US President George W. Bush embraced the new leadership in Iraq as a turning point in the war but claimed only gradual progress in years of fighting and acknowledged that Americans are uneasy about the outcome.
"I can understand why people are concerned about whether or not our strategy can succeed because our progress is incremental," Bush said on Monday in his first speech since the swearing in of a new Iraqi government over the weekend.
"Freedom is moving but it's in incremental steps, and the enemy's progress is almost instant on their TV screens," he said.
Bush acknowledged the American lives lost in Iraq, past mistakes and tough days to come. He repeatedly returned to the word "incremental" to describe progress there.
But he grabbed onto the political news coming out of Iraq as a way to support his mission in the unpopular war and declare a measure of victory over terrorists.

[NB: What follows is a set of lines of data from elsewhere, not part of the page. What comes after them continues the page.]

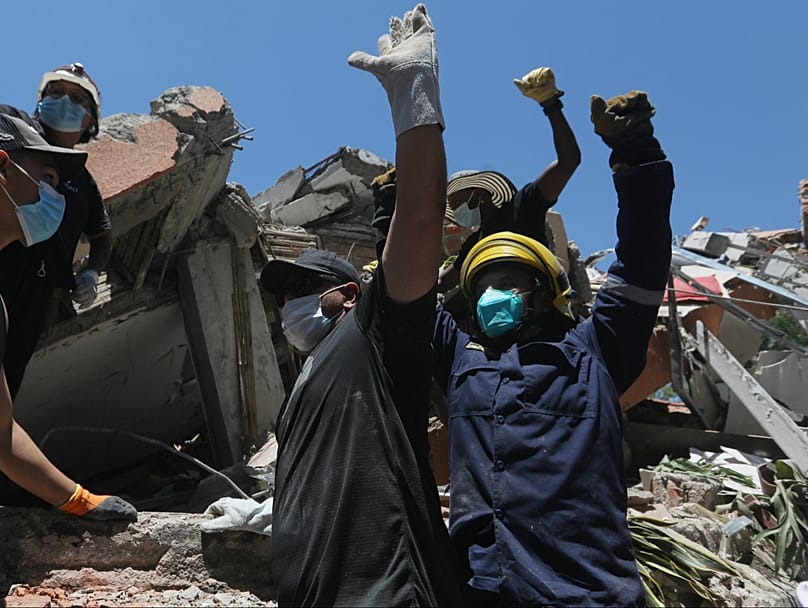 La gente pide silencio durante la búsqueda de supervivientes tras el terremoto que sacudió Cali, Colombia, el lunes 10 de agosto de 2026. (Foto AP/Santiago Saldarriaga)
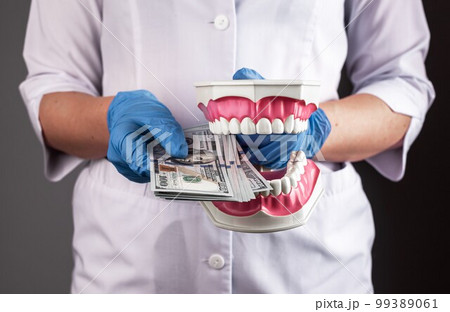 Expensive dentistry concept. Dentist with dollars money for teeth health Expensive dentistry concept. Dentist with dollars money for teeth health 99389061
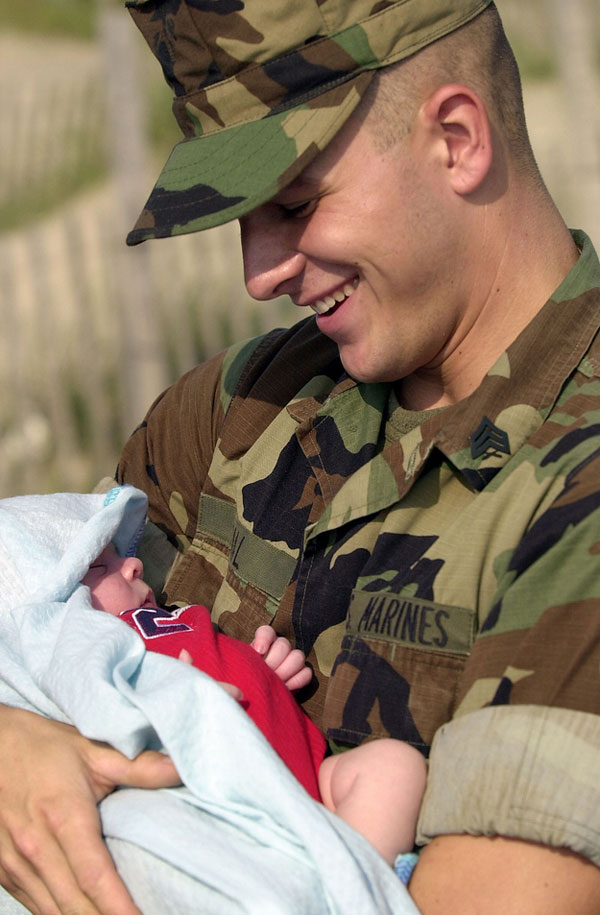 A marine meets his infant son.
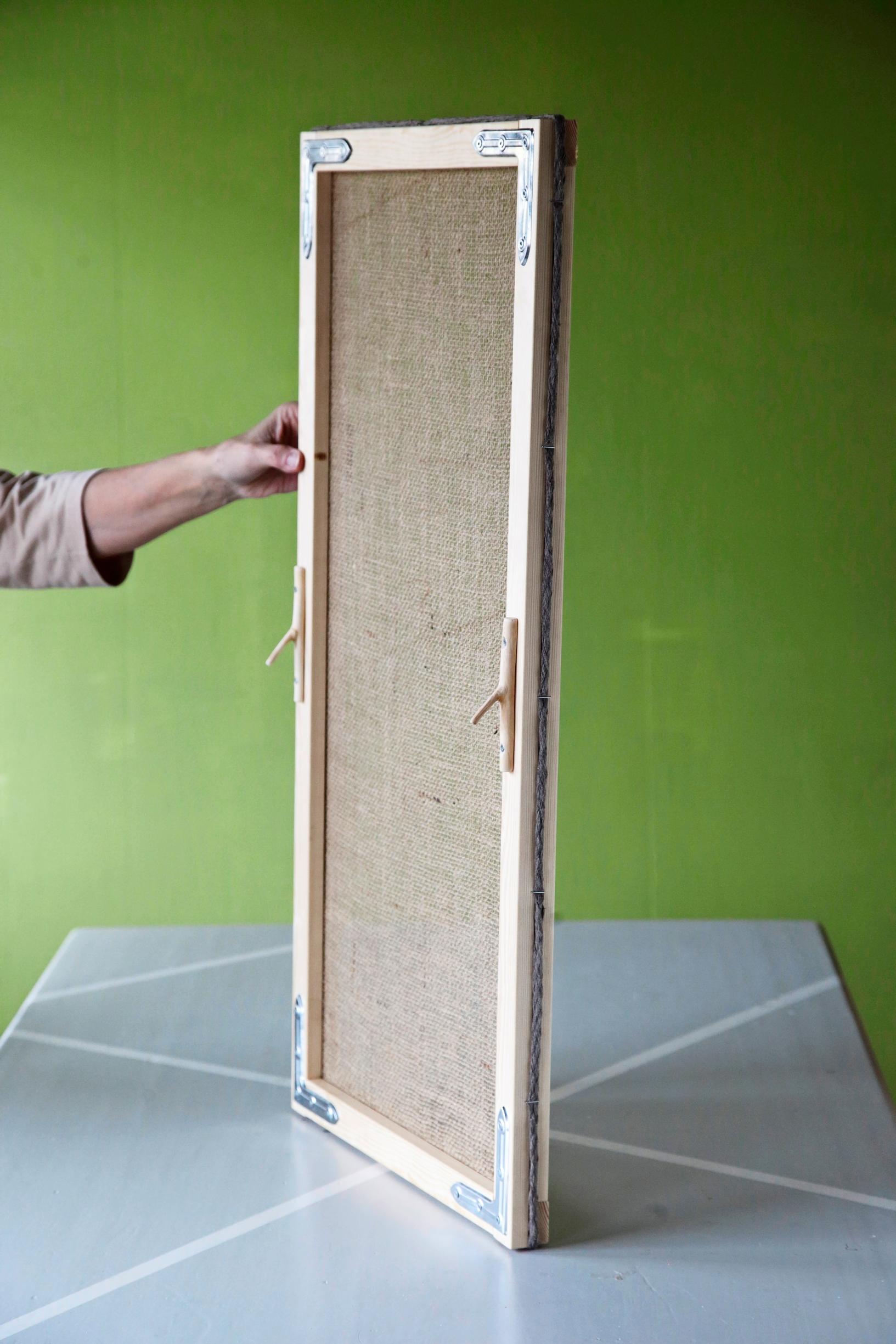 The finished mosquito net ready to be placed in the window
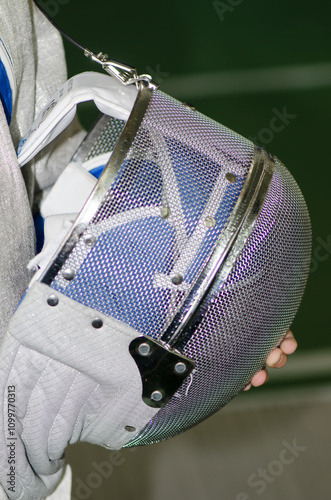 Detail of a fencing costume helmet photo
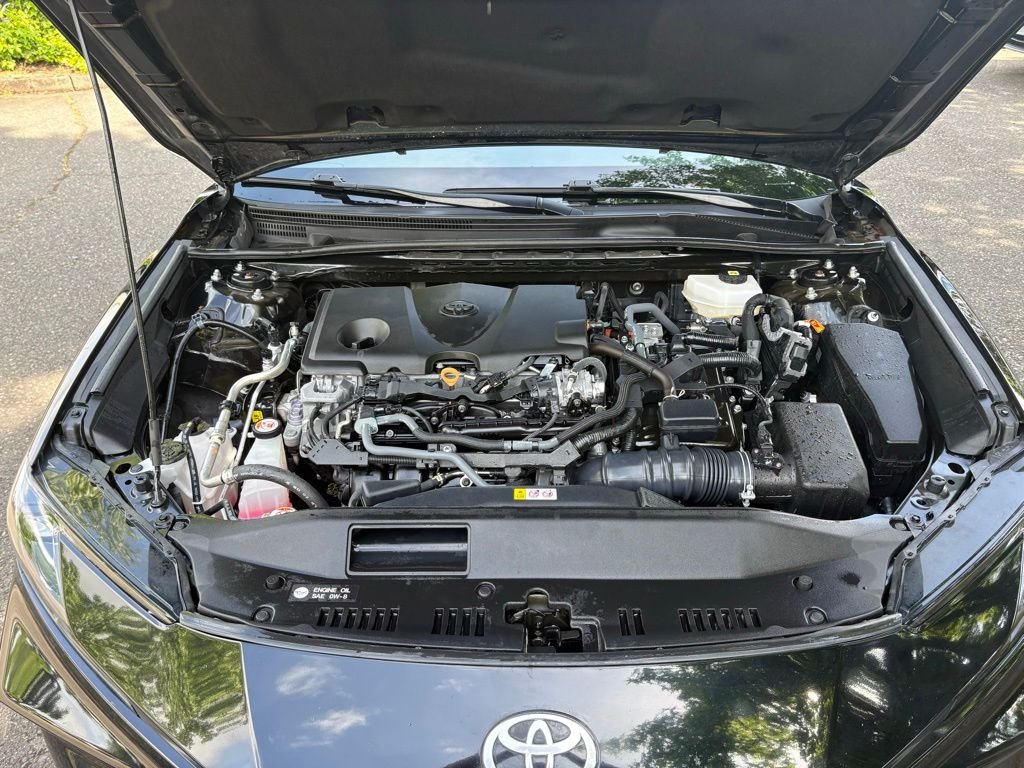 Used 2025 Midnight Black Metallic Toyota LE image 24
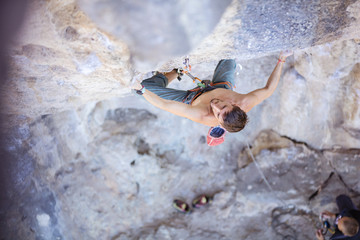 Male rock climber on a face of a cliff, view from above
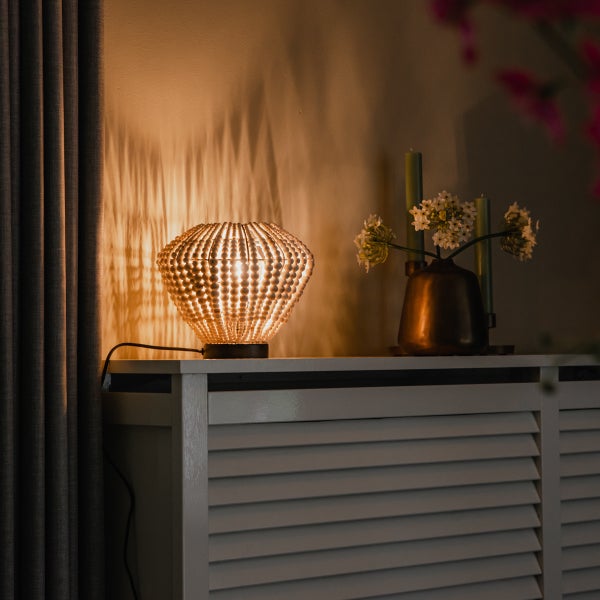 Tischlampe mit Lampenschirm aus Holzperlen auf einer weißen Heizungsverkleidung neben einer Vase mit Blumen und Kerzen in einem Wohnraum.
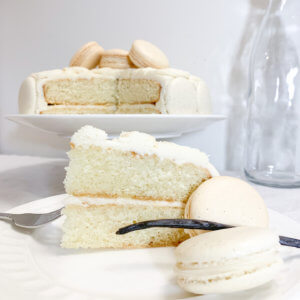 slice of vanilla bean cake with macarons on a plate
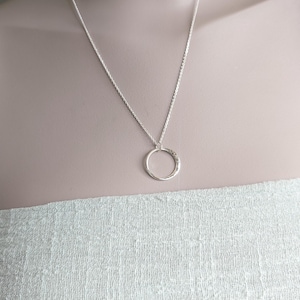 May include: A silver chain necklace with a hammered circle pendant.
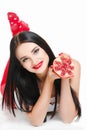 Brunette girl with garnet fruit in studio Royalty Free Stock Photo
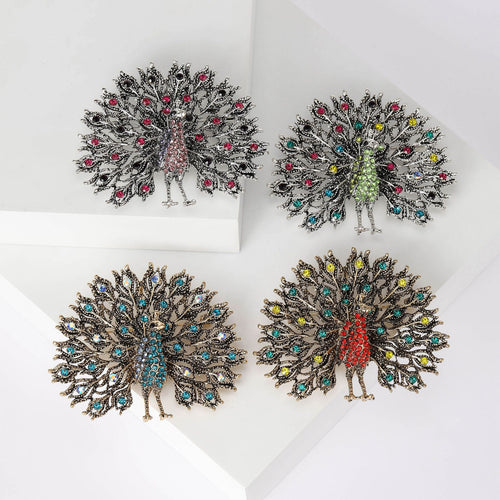 Main front view of Large Crystal Peacock Brooch In Four Color Designs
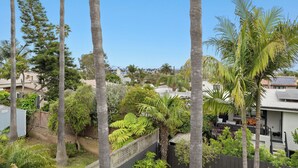 A residential area with tall palm trees, a fenced garden, and houses in the background. - Ocean-View 1BR Retreat w/ Large Private Terrace - Walk to Beach & Dining (Solana Beach)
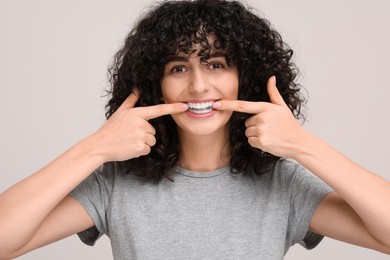 Photo of Young woman applying whitening strip on her teeth against light grey background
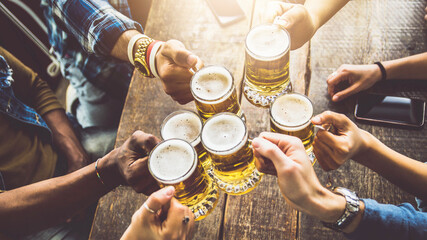 Naklejka na ściany i meble Group of people cheering beer glasses in brewery pub restaurant - Friends celebrating happy hour weekend sitting in bar table - Beverage lifestyle concept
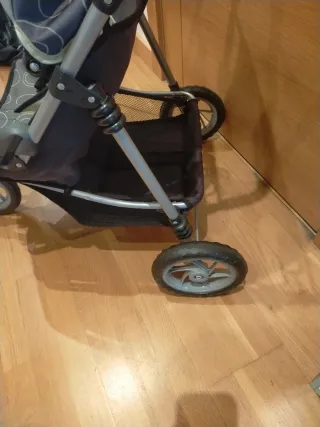 Cochecito gemelar gris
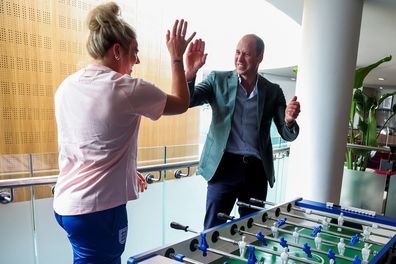 Prince William, Prince of Wales and President of The Football Association, gestures as he plays table football with England's football players, during a visit to England Women's team to wish them luck ahead of the 2023 FIFA Women's World Cup at St Georges Park on June 20, 2023 in Burton-upon-Trent, England 
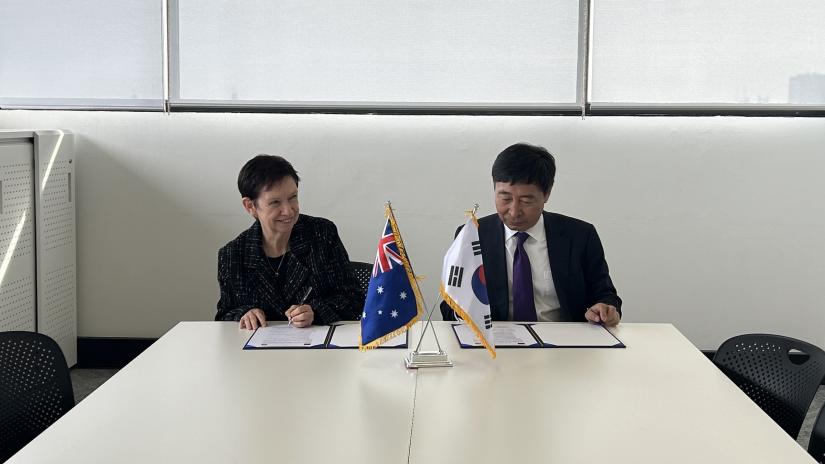An Australian female and a South Korean male each sign a document behind their respective national flags.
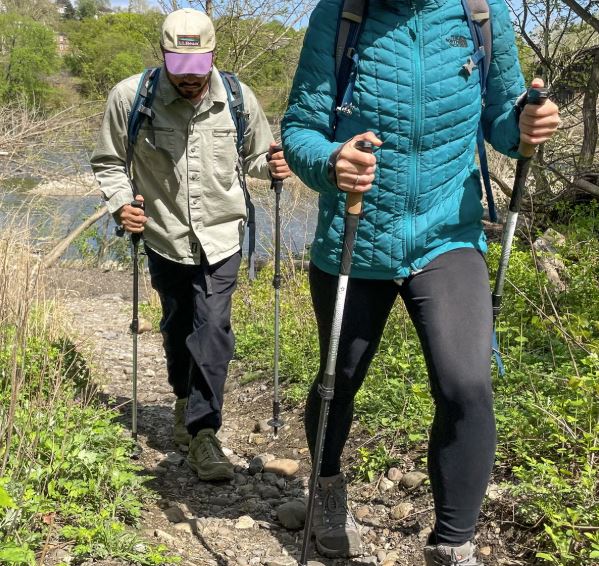 Hikers using poles that can be used as winter trekking poles for skiing or snowshoeing.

"The progress we've made has been hard-fought, and it's been incremental," Bush said in remarks to the National Restaurant Association.
"There have been setbacks and missteps, like Abu Ghraib, that were felt immediately and have been difficult to overcome. Yet we have now reached a turning point in the struggle between freedom and terror," he said.
"The terrorists fought this moment with all their hateful power, with suicide attacks and beheadings and roadside bombs," he said. "And now the day they feared has arrived. And with it's come a moment of great clarity: The terrorists can kill the innocent, but they cannot stop the advance of freedom."